Title :
Optimized Rollback and Re-computation
Author :
Lakhani, Hasnain ; Tahir, Rashid ; Aqil, Azeem ; Zaffar, Fareed ; Tariq, Dawood ; Gehani, Ashish
Abstract :
Large data processing tasks can be effected using workflow management systems. When either the input data or the programs in the pipeline are modified, the workflow must be re-executed to ensure that the final output data is updated to reflect the changes. Since such re-computation can consume substantial resources, optimizing the system to avoid redundant computation is desirable. In the case of a workflow, the dependency relationships between files are specified at the outset and can be leveraged to track which programs need to be re-executed when particular files change. Current distributed systems cannot provide such functionality when no predefined workflows exist.
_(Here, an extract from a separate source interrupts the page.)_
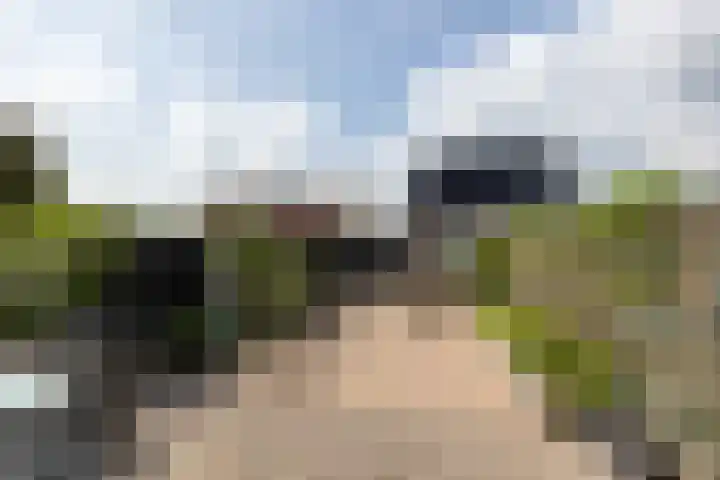 Verjaagde Ruiterweg 23 Achterveld thumbnail 58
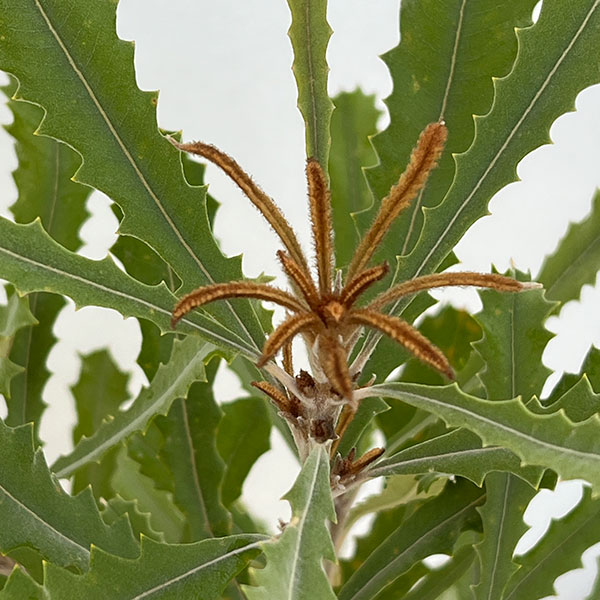 バンクシア：バウエリ6号鉢植え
In this paper, we present an architecture that provides functionality to produce both correct output as well as fast re-execution by leveraging the provenance of data to propagate changes along an implicit dependency graph. We explore the tradeoff between storage and availability by presenting a performance analysis of our rollback and re-execution scheme.
Keywords :
Computational modeling; Context; Data models; History; Performance analysis; Pipelines; Process control; data provenance; error recovery; scientific workflows;
Conference_Titel :
System Sciences (HICSS), 2013 46th Hawaii International Conference on
Conference_Location :
Wailea, HI, USA
Print_ISBN :
978-1-4673-5933-7
Electronic_ISBN :
1530-1605
DOI :
10.1109/HICSS.2013.434